+++ Supplied data +++
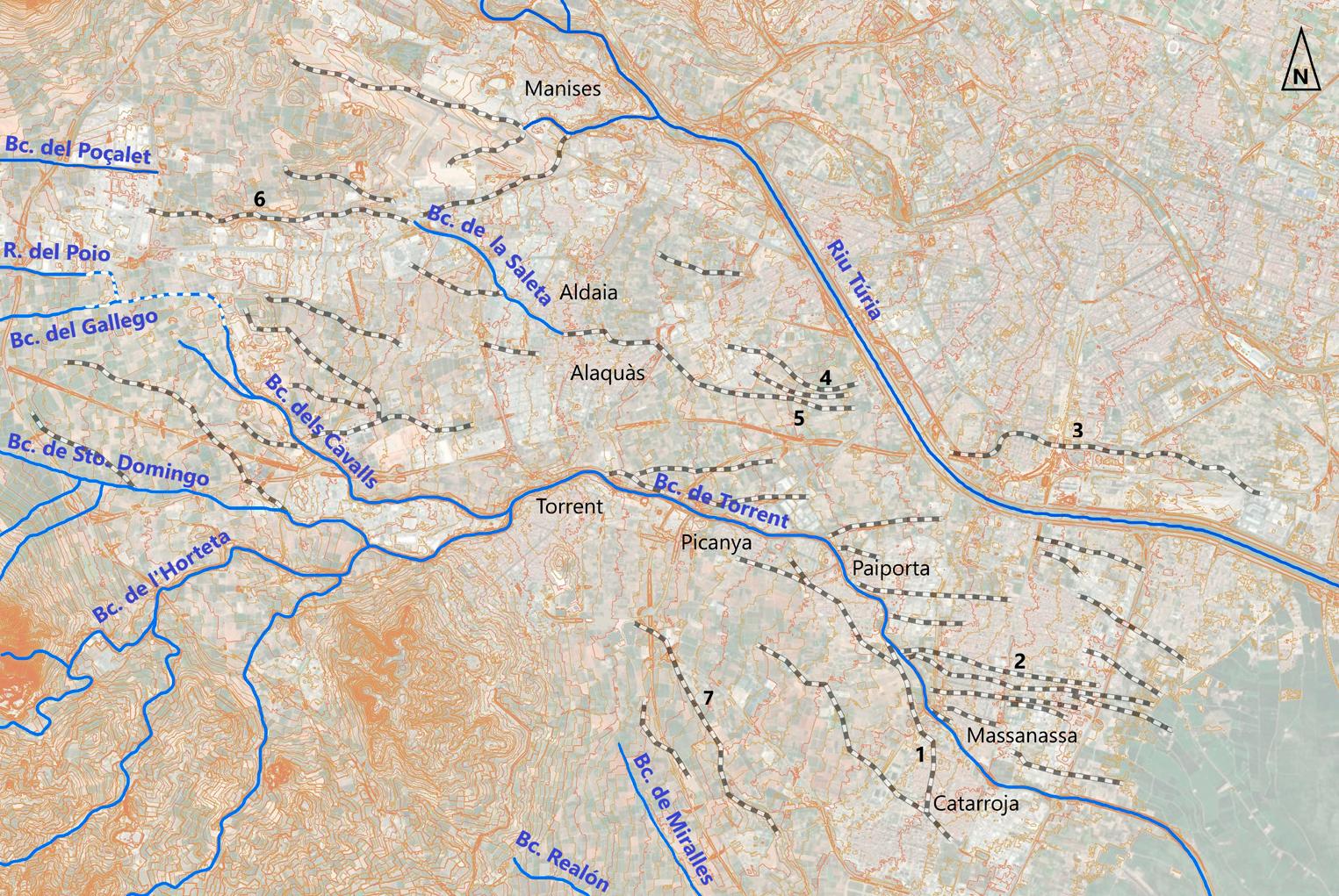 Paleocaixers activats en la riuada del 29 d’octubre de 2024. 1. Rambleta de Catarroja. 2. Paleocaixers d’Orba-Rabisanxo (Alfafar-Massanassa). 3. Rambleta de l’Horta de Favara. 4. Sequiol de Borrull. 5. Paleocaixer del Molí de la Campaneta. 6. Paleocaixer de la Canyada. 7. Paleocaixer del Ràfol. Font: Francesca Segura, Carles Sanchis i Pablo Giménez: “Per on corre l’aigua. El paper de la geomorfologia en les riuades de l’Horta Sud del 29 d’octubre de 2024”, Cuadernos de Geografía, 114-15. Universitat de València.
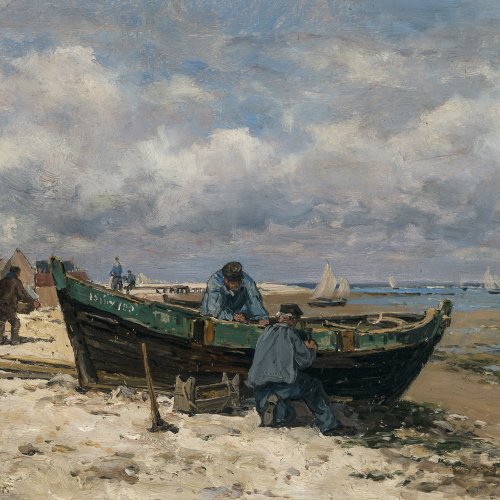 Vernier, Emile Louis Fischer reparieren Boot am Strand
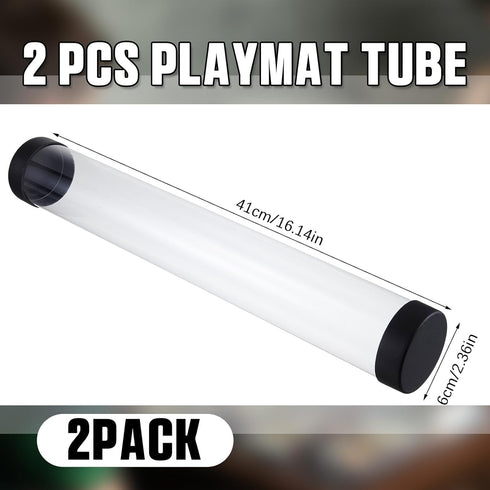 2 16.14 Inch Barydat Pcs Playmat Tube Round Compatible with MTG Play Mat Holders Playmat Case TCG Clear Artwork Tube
+++
Your task:
Leave out the pictures and repeat the remaining data exactly.

Solution for this task:
 Paleocaixers activats en la riuada del 29 d’octubre de 2024. 1. Rambleta de Catarroja. 2. Paleocaixers d’Orba-Rabisanxo (Alfafar-Massanassa). 3. Rambleta de l’Horta de Favara. 4. Sequiol de Borrull. 5. Paleocaixer del Molí de la Campaneta. 6. Paleocaixer de la Canyada. 7. Paleocaixer del Ràfol. Font: Francesca Segura, Carles Sanchis i Pablo Giménez: “Per on corre l’aigua. El paper de la geomorfologia en les riuades de l’Horta Sud del 29 d’octubre de 2024”, Cuadernos de Geografía, 114-15. Universitat de València.
 Vernier, Emile Louis Fischer reparieren Boot am Strand
 2 16.14 Inch Barydat Pcs Playmat Tube Round Compatible with MTG Play Mat Holders Playmat Case TCG Clear Artwork Tube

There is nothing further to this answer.